### Task goal
No pictures belong in the copy. Restate the rest of the data exactly.

===== Dataset excerpt

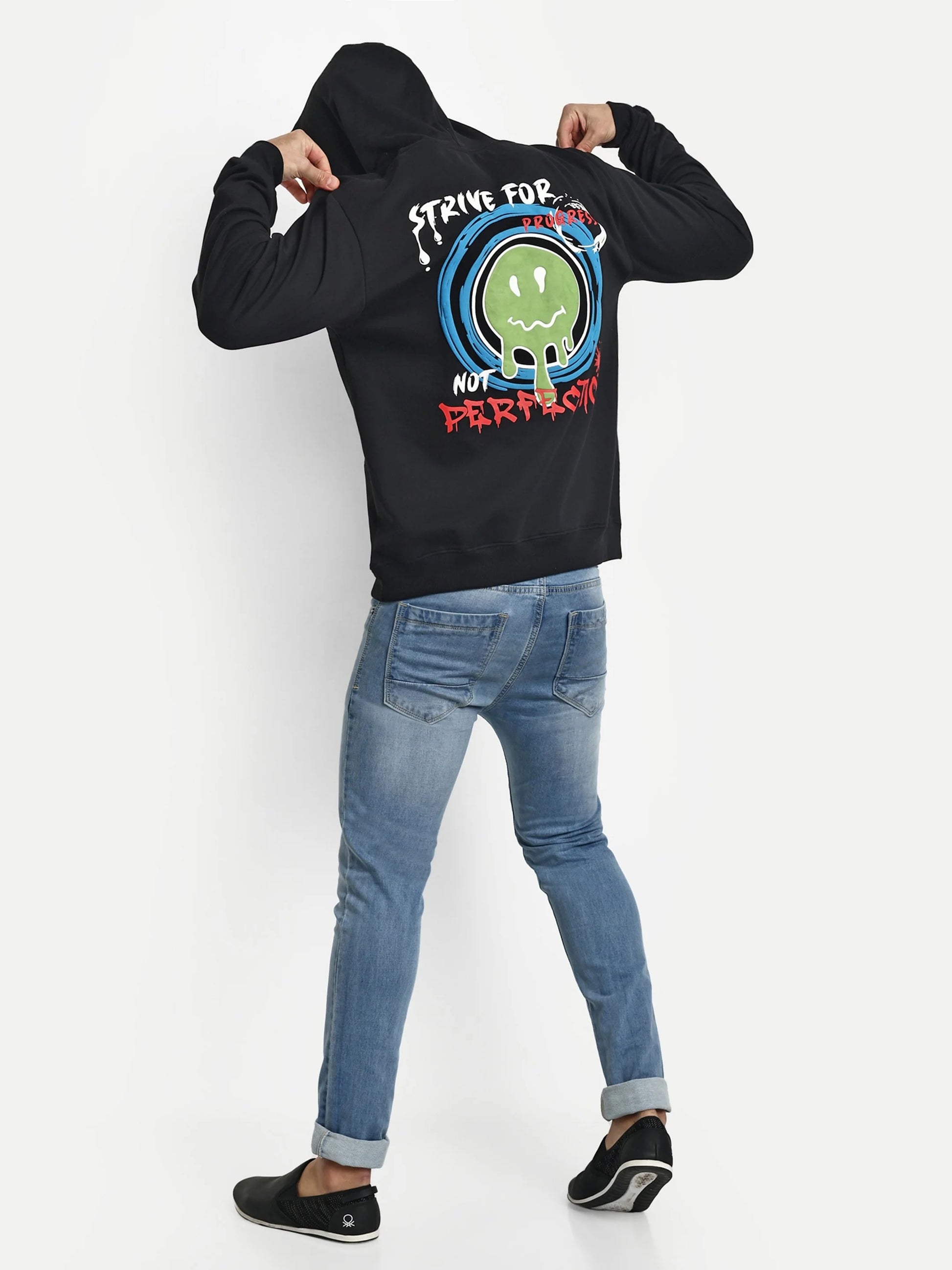 Men Printed Hoodie Black - Reprise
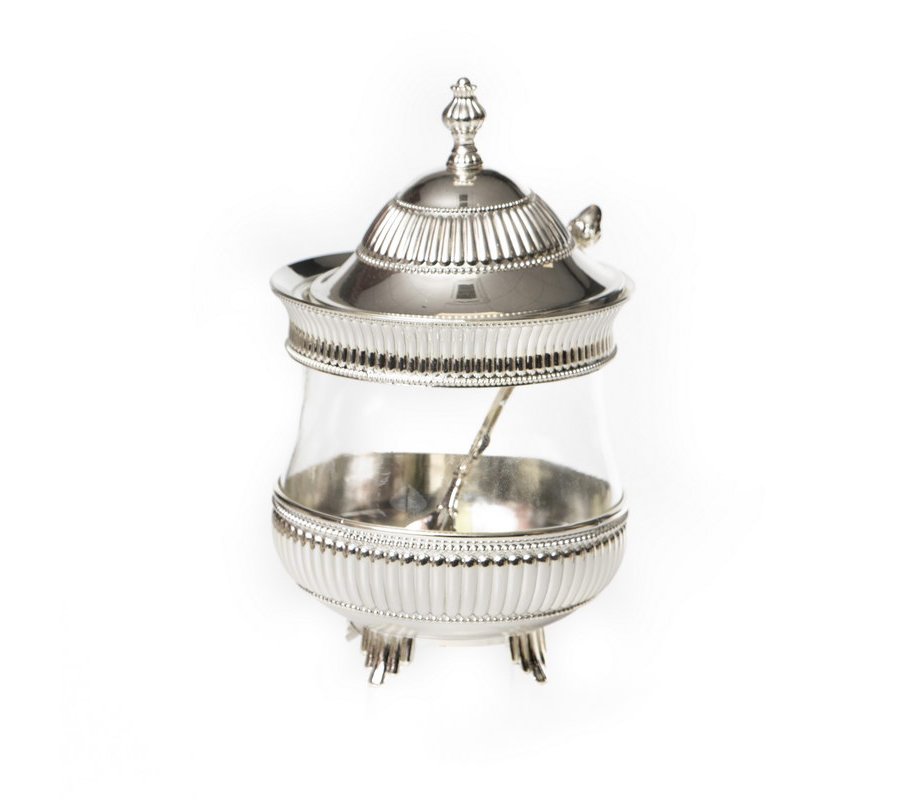 Silver Metal Honey Dish on Feet with Spoon and Lid - Stripe Design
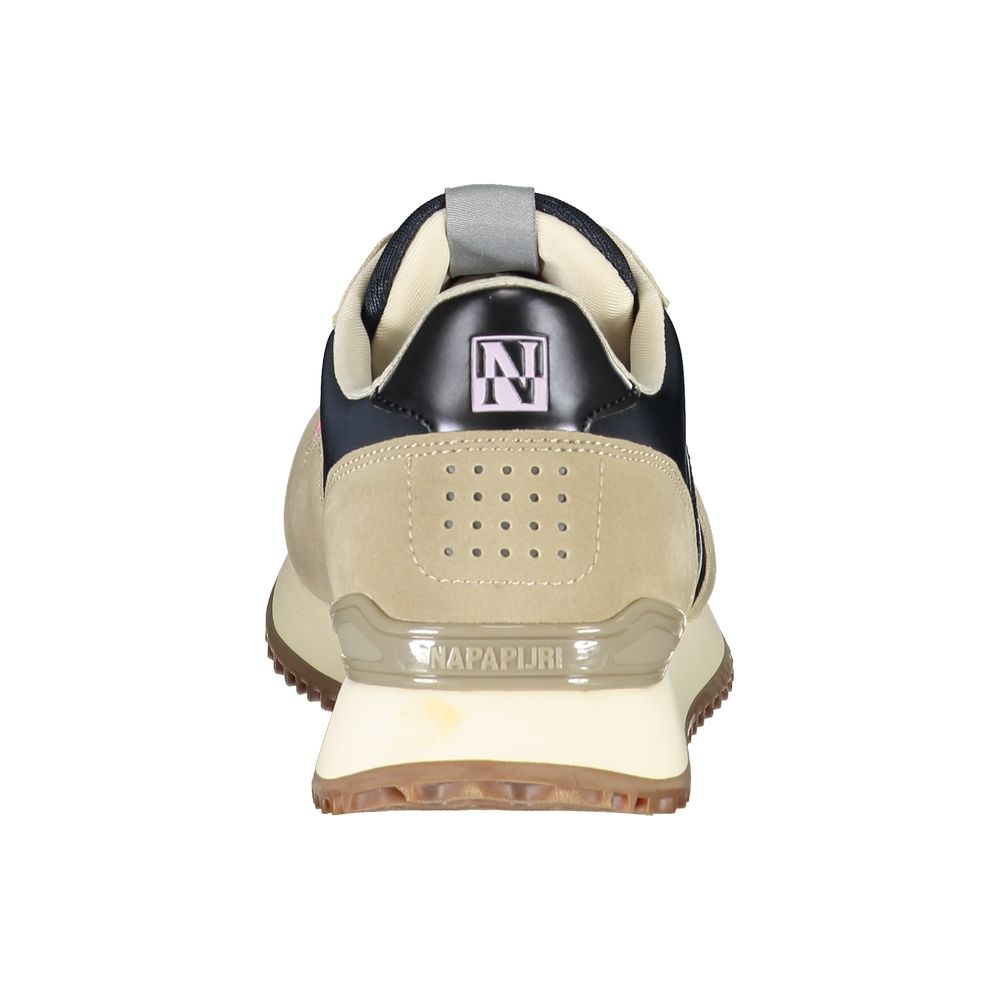 Napapijri Beige Lace-Up Sneakers for Men and Women with Contrast Details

==========

### Result for this task
 Men Printed Hoodie Black - Reprise
 Silver Metal Honey Dish on Feet with Spoon and Lid - Stripe Design
 Napapijri Beige Lace-Up Sneakers for Men and Women with Contrast Details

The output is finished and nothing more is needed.